┌────────

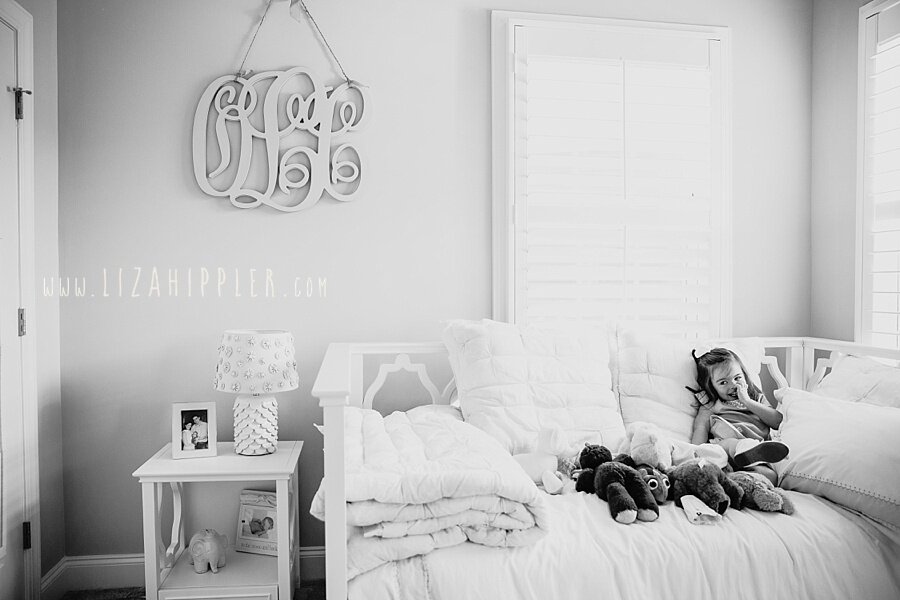 black and white image of toddler girl in her beautiful bedroom
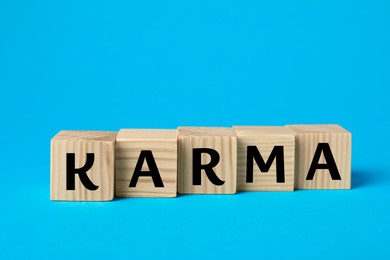 Photo of Word Karma made of cubes with letters on light blue background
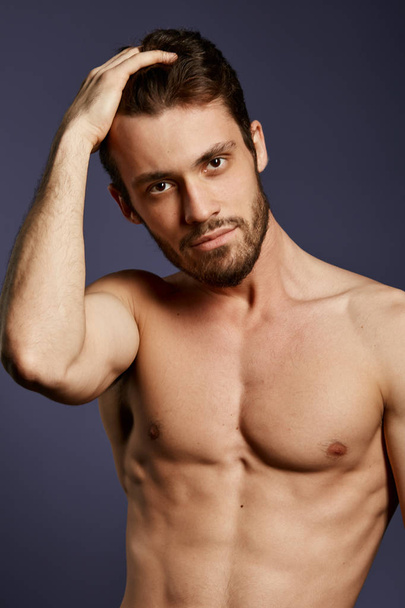 attractive awesome male model with hand on his head looking at the camera - Photo, Image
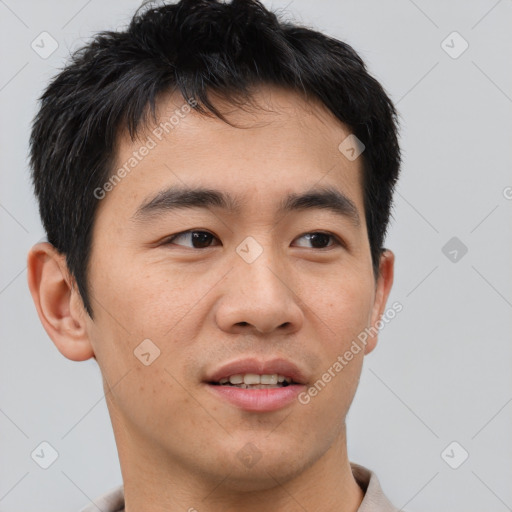 Joyful asian young-adult male with short  brown hair and brown eyes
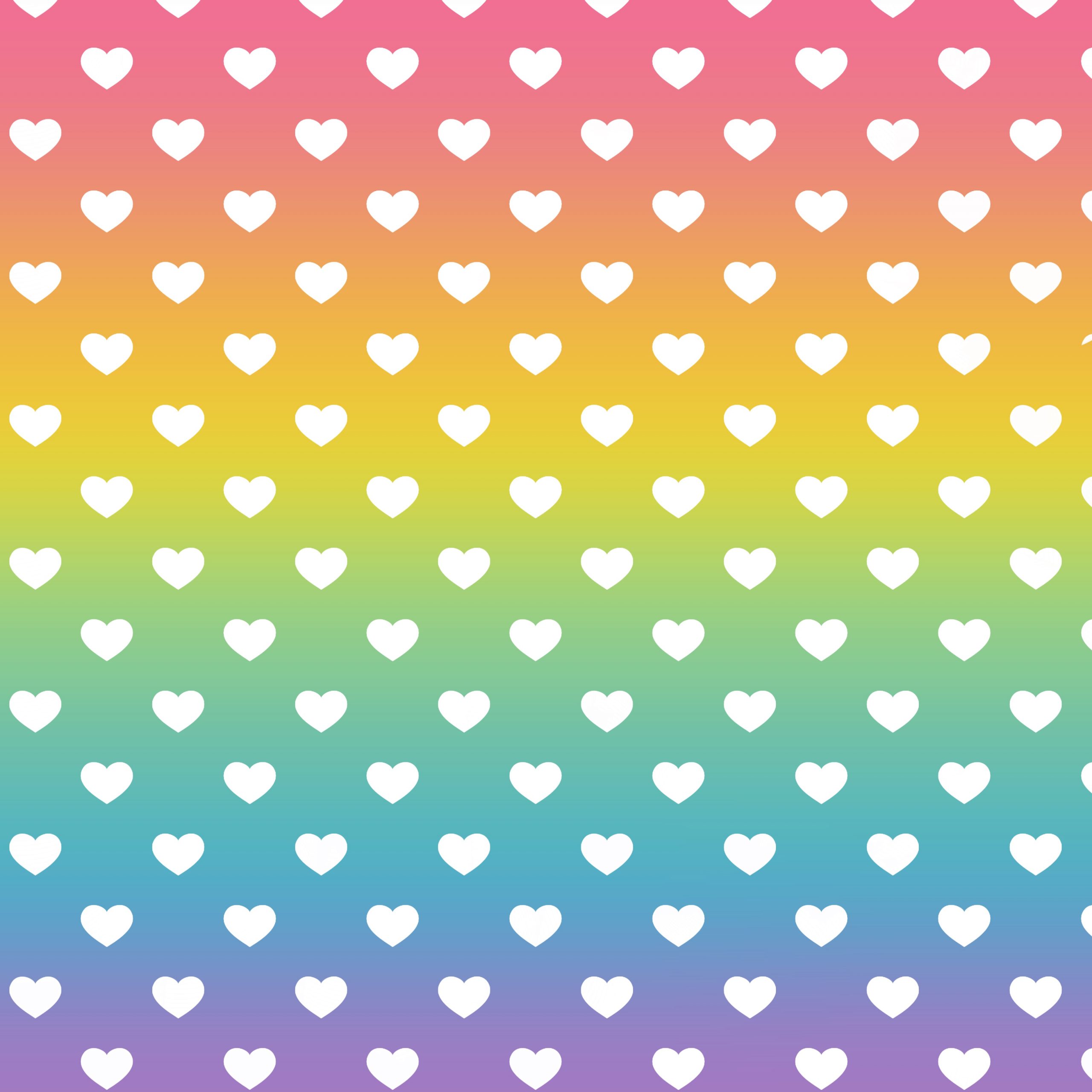 Patrón arcoiris y pequeños corazones blancos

└────────

WHAT YOU HAVE TO DO: Apart from its pictures, the data is to be repeated exactly.

SOLUTION TO THIS PROBLEM:
 black and white image of toddler girl in her beautiful bedroom
 Photo of Word Karma made of cubes with letters on light blue background
 attractive awesome male model with hand on his head looking at the camera - Photo, Image
 Joyful asian young-adult male with short  brown hair and brown eyes
 Patrón arcoiris y pequeños corazones blancos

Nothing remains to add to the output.